Шанс умереть по дороге к покупке лотерейного билета больше, чем шанс выграть в лотерею.
14.09.2016 07:08
OlegON
 
— Пришла все-таки?
— Угу.
Смерть усела на край постели и посмотрела на заваленную лекарствами тумбочку. Стандартный набор: раскаленная лампа, горевшая всю ночь напролет, куча разнообразных таблеток, кружка остывшего чая и книга с закладкой.
Старик смотрел на Смерть спокойно, без страха. Он давно ее ждал.
— Сколько мне еще?
— Две минуты.
— А я в памперсы только что нассал.
Смерть засмеялась, ощерив свой оскал гнилых, желтых зубов, в пустых глазницах блеснул зеленый огонек.
— Люблю юморных.
Снова повисло молчание. Секунды текли чудовищно медленно, казалось, что часы остановились.
— Смерть, можно тебе задать вопрос?
— Валяй.
— В чем смысл жизни?
Смерть хмыкнула. Обычно спрашивали: «Что будет дальше?». Никого уже не интересовала жизнь, которую она забирала.
— Ты философ?
— Нет. Я всю жизнь проработал учителем. И всегда задавался этим вопросом. В чем же мой смысл жизни? Родился у меня сын. Думал, вот он, он мой смысл жизни! Смысл жизни в продолжении жизни! И ты его забрала в восемнадцать.
Старик говорил спокойно, воспоминания о давно умершем сыне уже не рвали душу, боль ушла.
— Я это вытерпел. Было тяжело, но пережил. Я решил, что смысл жизни в любви. Люба. Любовь моя. Не смогла со мной жить после смерти сына, и моя любовь ей была не нужна. Мы ведь могли еще завести детей, но нет. Ушла к другому.
Смерть хмыкнула. Привычное дело, сколько уже она слышала такое.
— И тогда я решил, что смысл жизни в моем призвании. Я учил детей. Я полностью отдался работе. Вкладывал в их умы все, что знал сам, отдавался весь им без остатка. Бессонные ночи ради того, чтобы донести им больше, чем может дать школа.

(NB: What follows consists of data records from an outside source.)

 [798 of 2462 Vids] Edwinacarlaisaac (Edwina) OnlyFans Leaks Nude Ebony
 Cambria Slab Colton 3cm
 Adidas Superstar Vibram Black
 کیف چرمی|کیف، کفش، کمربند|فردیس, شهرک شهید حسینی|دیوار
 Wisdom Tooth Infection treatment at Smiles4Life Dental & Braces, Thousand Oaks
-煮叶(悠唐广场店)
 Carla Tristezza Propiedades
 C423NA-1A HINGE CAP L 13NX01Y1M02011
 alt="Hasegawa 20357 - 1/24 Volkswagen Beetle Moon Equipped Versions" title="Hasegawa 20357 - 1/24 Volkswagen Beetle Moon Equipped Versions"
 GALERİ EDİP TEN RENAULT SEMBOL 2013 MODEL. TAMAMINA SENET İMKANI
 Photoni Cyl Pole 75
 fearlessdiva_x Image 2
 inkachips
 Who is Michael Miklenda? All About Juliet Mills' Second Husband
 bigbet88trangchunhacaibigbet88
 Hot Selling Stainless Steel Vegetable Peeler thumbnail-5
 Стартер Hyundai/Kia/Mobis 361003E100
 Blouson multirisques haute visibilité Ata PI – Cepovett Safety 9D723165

Столько лиц я озарил воодушевлением, сколько ясных глаз горели, слушая меня часами. И что получилось?
— Что? – невольно спросила Смерть.
— Да, ничего! В лучшем случае серые клерки, да болтливые менеджеры. Те же, в которых я видел будущих великих людей стали совсем никчемными. Отбросами. Пришел ко мне как-то Андрей Васнецов. Ведь любимцем моим был. Пришел пьяным оборванцем на День Учителя. И говорит: «Зря вы все это делали, Сан Саныч. Зря». У меня в тот момент сердце прекратило биться. Больше половины жизни положил впустую. Не оставил после себя ничего. Ничего!
Стрелка часов очень медленно, но ползла. Прошло полторы минуты. Смерть поднялась с кровати.
— Так в чем смысл жизни? Скажи, может не зря я прожил эту жизнь и лежу сейчас обоссаным?
— Помнишь в седьмом классе Яну Смирнову?
Старик наморщил лоб, пытаясь вспомнить.
— Рыжая такая?
— Да. Правда умерла уже давно.
— Помню.
— Помнишь ты ей подножку подставил и она со всего маху пролетела, да приземлилась лицом в кучу собачьего дерьма?
Старику не понравились такие воспоминания.
— Глупым ребенком был. Дети все жестокие.
— Неважно. Ее еще стали называть «Янка-говнянка» и ей пришлось перевестись в далекую школу.
— И?
— Все. Весь твой смысл жизни. Ты выполнил свое предназначение.
Старик охнул и затрясся.
— Как так? – сухо спросил он.
— Она родила великого человека, политика, который войдет навеки в историю. Ты же был лишь пазлом мозаики. Как и большинство людей. Просто пазлы. Не более.
— Нет. Не верю… Как же так…
Смерть не стала слушать старика и взмахнула над ним косой. Серая субстанция души покинула старое тело, воспарив к потолку и рассыпавшись невидимым пеплом.
— Вот так. – сказала Смерть и закинув косу на плечо вышла из комнаты. В комнате запахло мочой.
20.09.2016 07:15
OlegON
 
Эту байку или рассказ я подслушал на каком-то семейном мероприятии, когда был ещё ребёнком.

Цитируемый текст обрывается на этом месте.